▸ TASK ITEM: Take the material below and output exactly the run of lines from the one containing "Blue Rose Skull" down to the one containing "1033 Anaconda Dr, Castle Rock, CO 80108", with both included.

DATA FOR REVIEW section start

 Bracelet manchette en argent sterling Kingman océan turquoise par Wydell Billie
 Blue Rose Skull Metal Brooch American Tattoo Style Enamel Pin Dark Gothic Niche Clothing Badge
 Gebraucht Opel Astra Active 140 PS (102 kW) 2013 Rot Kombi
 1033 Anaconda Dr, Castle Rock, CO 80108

DATA FOR REVIEW section end
DATA FOR REVIEW section start

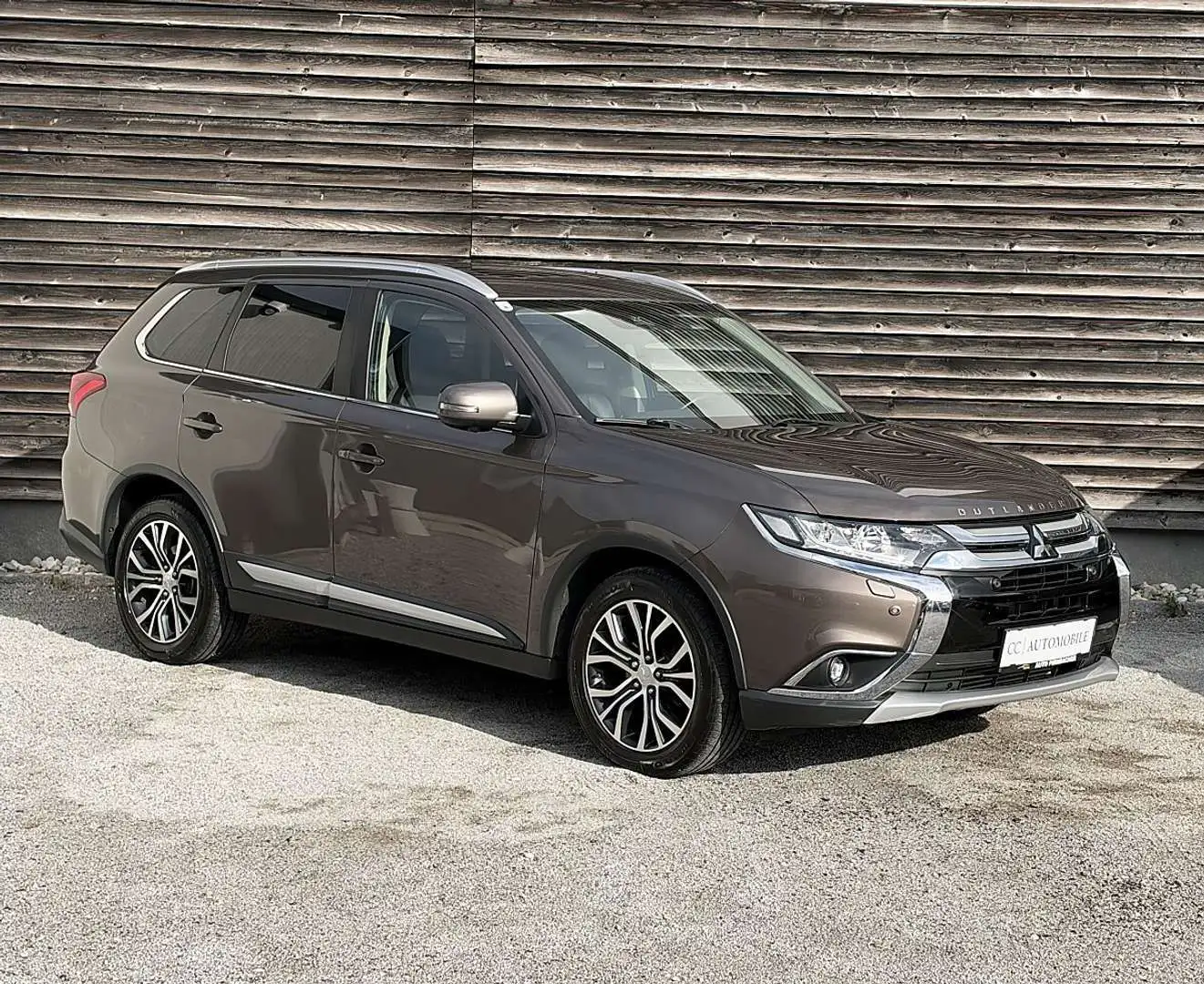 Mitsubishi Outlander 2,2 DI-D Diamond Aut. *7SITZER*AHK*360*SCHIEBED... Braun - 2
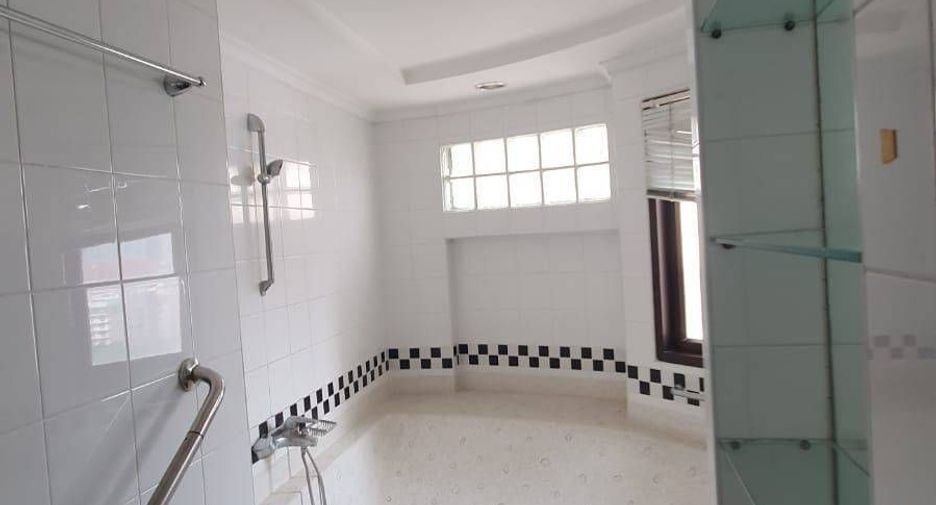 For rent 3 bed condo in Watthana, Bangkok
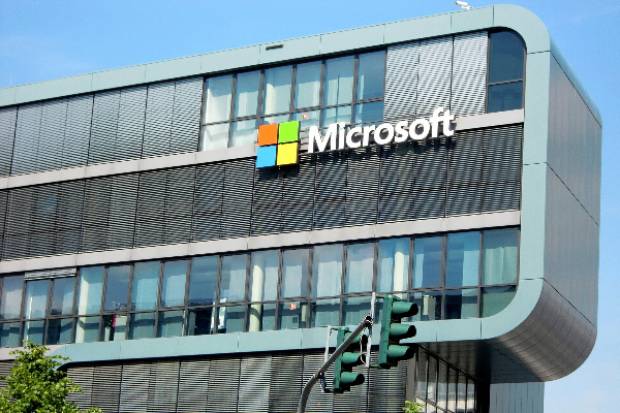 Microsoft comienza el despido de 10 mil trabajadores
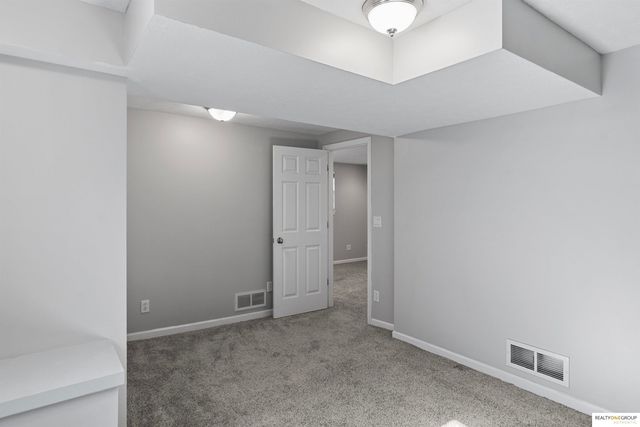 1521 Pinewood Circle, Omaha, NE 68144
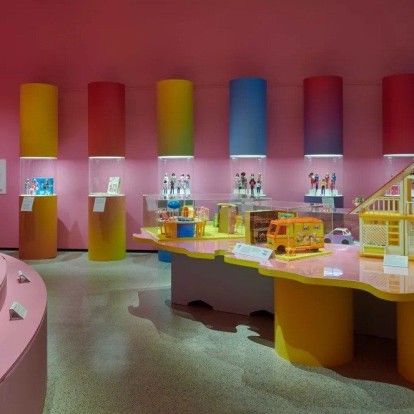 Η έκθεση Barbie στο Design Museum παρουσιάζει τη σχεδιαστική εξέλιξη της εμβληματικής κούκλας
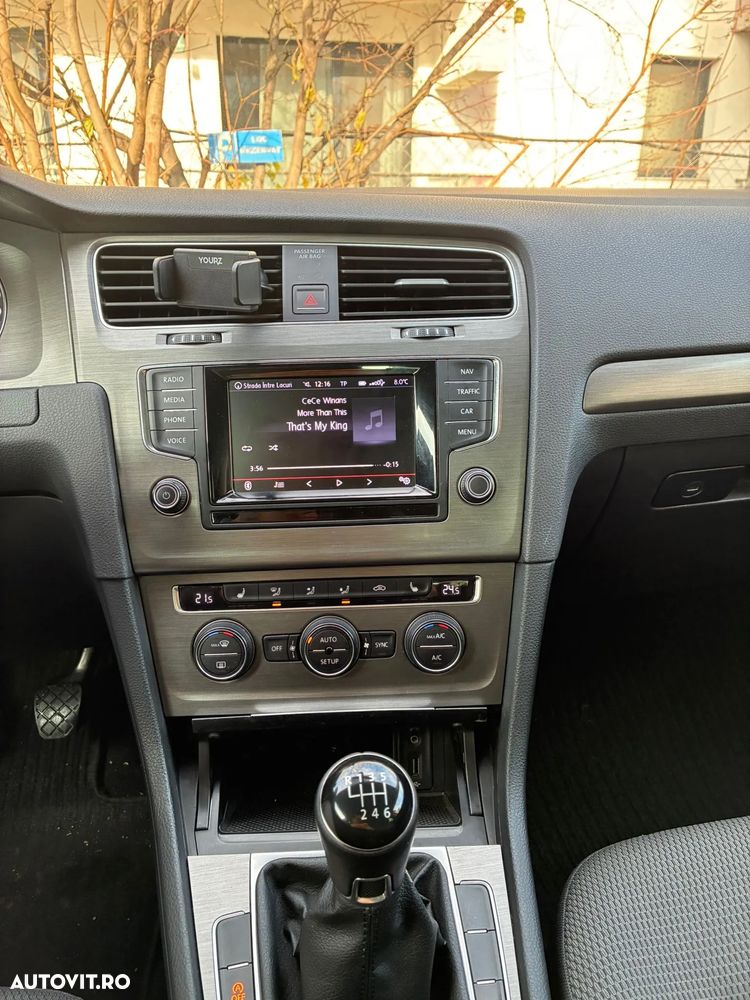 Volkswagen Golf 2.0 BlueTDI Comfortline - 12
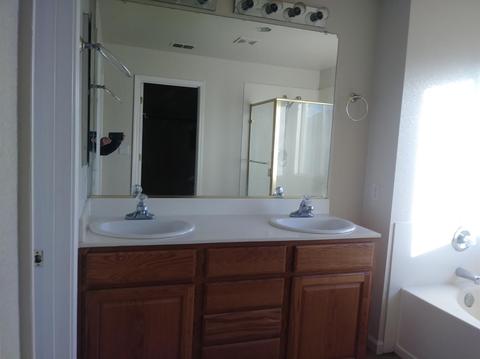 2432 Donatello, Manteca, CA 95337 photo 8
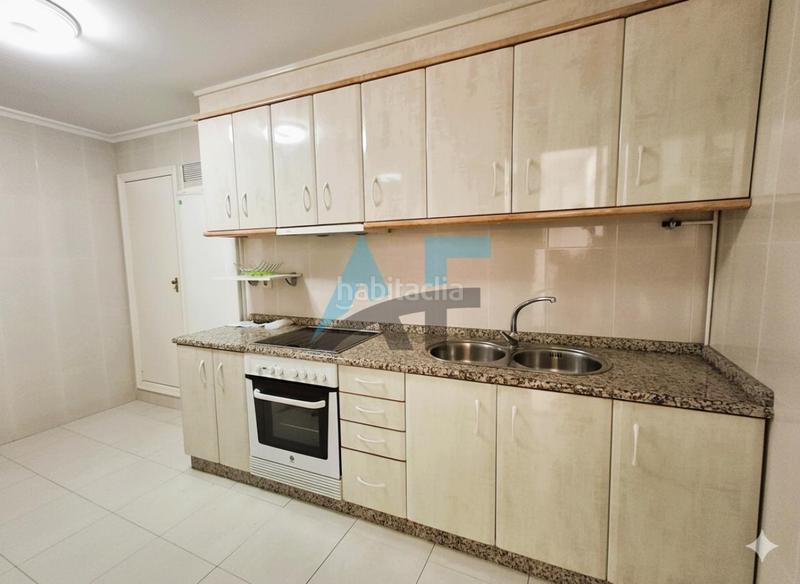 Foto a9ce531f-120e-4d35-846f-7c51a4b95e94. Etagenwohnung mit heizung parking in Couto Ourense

DATA FOR REVIEW section end

▸ ANSWER TO THIS EXERCISE:
 Blue Rose Skull Metal Brooch American Tattoo Style Enamel Pin Dark Gothic Niche Clothing Badge
 Gebraucht Opel Astra Active 140 PS (102 kW) 2013 Rot Kombi
 1033 Anaconda Dr, Castle Rock, CO 80108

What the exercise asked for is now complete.